Exercise aim: Copy the listing below in full and skip every picture.

Raw data:
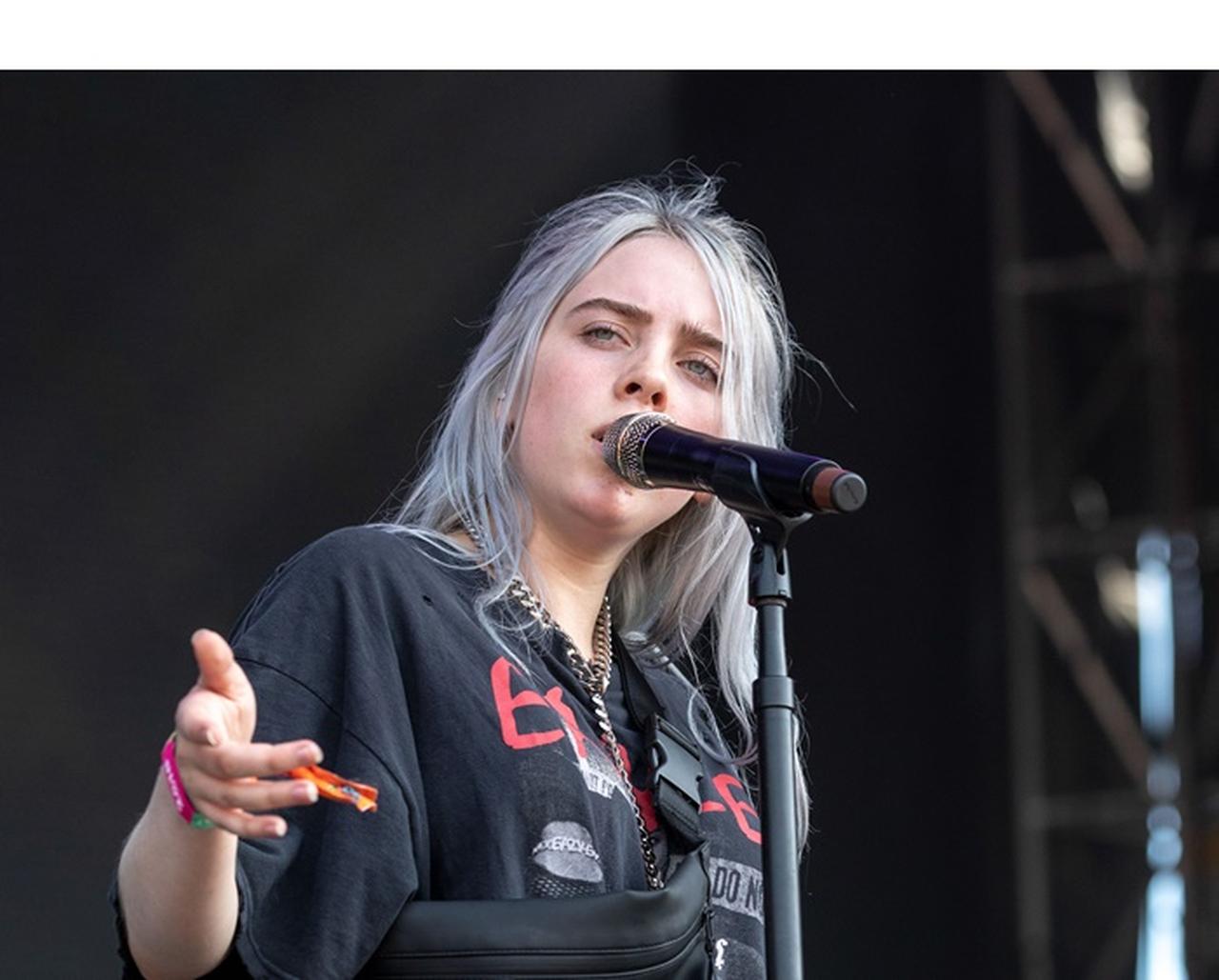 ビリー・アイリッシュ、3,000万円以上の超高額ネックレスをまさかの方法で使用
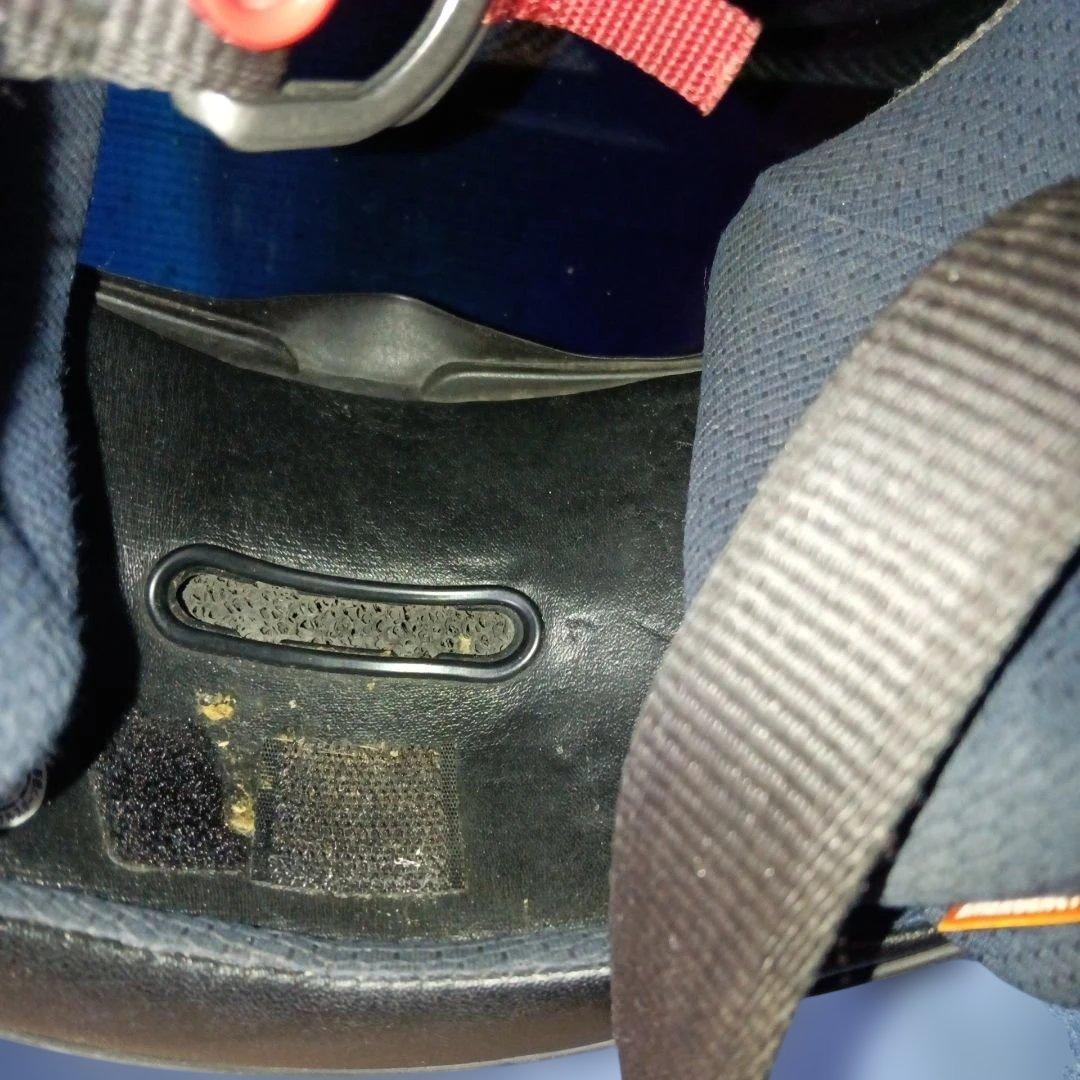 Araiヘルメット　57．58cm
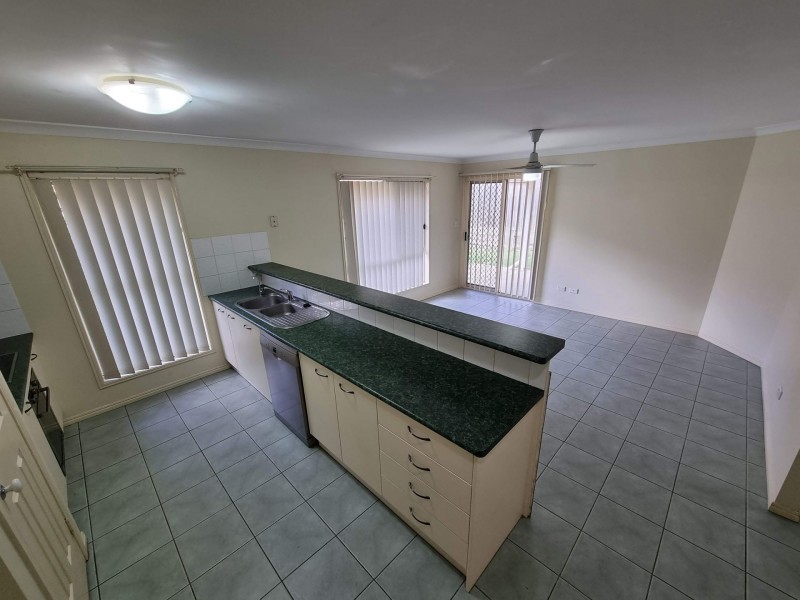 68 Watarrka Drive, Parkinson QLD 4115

Answer below:
 ビリー・アイリッシュ、3,000万円以上の超高額ネックレスをまさかの方法で使用
 Araiヘルメット　57．58cm
 68 Watarrka Drive, Parkinson QLD 4115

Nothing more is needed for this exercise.